# [Source material]
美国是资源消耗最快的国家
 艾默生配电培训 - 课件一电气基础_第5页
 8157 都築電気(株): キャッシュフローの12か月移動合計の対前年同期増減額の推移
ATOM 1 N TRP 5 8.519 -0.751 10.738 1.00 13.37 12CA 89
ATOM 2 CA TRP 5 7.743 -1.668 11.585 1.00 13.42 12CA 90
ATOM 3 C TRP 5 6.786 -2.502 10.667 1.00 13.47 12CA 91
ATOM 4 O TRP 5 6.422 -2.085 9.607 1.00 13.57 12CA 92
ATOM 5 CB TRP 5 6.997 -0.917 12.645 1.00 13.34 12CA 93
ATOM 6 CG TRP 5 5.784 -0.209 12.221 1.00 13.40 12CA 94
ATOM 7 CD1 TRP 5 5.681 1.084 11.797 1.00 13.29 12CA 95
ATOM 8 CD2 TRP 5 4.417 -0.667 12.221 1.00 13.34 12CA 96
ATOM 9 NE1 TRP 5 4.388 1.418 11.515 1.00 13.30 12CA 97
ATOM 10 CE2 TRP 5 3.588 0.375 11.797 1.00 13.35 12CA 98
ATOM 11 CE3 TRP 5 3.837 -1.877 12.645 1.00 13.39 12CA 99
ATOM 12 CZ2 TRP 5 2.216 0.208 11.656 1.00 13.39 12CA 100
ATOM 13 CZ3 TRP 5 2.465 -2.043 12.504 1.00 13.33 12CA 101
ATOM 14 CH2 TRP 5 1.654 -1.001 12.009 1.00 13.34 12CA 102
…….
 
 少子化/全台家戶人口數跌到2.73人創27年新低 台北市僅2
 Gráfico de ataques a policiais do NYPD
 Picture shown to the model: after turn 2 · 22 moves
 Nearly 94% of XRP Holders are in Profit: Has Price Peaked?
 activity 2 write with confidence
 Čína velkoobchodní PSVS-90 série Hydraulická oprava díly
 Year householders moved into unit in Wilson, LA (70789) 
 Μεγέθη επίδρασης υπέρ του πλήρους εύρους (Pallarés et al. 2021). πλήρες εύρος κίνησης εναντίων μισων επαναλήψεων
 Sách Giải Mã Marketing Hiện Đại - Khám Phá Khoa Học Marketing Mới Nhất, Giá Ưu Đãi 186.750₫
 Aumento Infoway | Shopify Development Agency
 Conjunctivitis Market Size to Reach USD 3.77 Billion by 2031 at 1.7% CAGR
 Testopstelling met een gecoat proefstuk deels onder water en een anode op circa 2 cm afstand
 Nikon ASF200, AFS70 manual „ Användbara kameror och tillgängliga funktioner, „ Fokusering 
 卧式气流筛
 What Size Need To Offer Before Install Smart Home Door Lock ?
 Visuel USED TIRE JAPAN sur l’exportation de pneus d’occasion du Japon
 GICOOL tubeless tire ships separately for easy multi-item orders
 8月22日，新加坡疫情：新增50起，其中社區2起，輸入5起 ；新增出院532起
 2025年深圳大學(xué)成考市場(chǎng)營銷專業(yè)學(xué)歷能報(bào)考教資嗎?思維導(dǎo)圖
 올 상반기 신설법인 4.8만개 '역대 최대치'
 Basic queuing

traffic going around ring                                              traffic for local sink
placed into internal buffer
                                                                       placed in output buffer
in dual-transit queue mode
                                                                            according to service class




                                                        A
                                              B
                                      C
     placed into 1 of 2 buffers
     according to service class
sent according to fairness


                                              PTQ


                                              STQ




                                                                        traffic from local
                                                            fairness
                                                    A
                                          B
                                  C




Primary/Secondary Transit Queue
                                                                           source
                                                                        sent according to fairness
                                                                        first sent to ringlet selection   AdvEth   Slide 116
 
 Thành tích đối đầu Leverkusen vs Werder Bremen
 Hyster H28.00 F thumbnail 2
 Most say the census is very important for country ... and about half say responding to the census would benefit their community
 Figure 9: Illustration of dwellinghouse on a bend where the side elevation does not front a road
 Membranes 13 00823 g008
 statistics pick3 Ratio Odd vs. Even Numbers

# [Your assignment]
Begin at the first line of the records above and quote every line verbatim through the one that contains "Čína velkoobchodní PSVS-90".

# [Output for this exercise]
美国是资源消耗最快的国家
 艾默生配电培训 - 课件一电气基础_第5页
 8157 都築電気(株): キャッシュフローの12か月移動合計の対前年同期増減額の推移
ATOM 1 N TRP 5 8.519 -0.751 10.738 1.00 13.37 12CA 89
ATOM 2 CA TRP 5 7.743 -1.668 11.585 1.00 13.42 12CA 90
ATOM 3 C TRP 5 6.786 -2.502 10.667 1.00 13.47 12CA 91
ATOM 4 O TRP 5 6.422 -2.085 9.607 1.00 13.57 12CA 92
ATOM 5 CB TRP 5 6.997 -0.917 12.645 1.00 13.34 12CA 93
ATOM 6 CG TRP 5 5.784 -0.209 12.221 1.00 13.40 12CA 94
ATOM 7 CD1 TRP 5 5.681 1.084 11.797 1.00 13.29 12CA 95
ATOM 8 CD2 TRP 5 4.417 -0.667 12.221 1.00 13.34 12CA 96
ATOM 9 NE1 TRP 5 4.388 1.418 11.515 1.00 13.30 12CA 97
ATOM 10 CE2 TRP 5 3.588 0.375 11.797 1.00 13.35 12CA 98
ATOM 11 CE3 TRP 5 3.837 -1.877 12.645 1.00 13.39 12CA 99
ATOM 12 CZ2 TRP 5 2.216 0.208 11.656 1.00 13.39 12CA 100
ATOM 13 CZ3 TRP 5 2.465 -2.043 12.504 1.00 13.33 12CA 101
ATOM 14 CH2 TRP 5 1.654 -1.001 12.009 1.00 13.34 12CA 102
…….
 
 少子化/全台家戶人口數跌到2.73人創27年新低 台北市僅2
 Gráfico de ataques a policiais do NYPD
 Picture shown to the model: after turn 2 · 22 moves
 Nearly 94% of XRP Holders are in Profit: Has Price Peaked?
 activity 2 write with confidence
 Čína velkoobchodní PSVS-90 série Hydraulická oprava díly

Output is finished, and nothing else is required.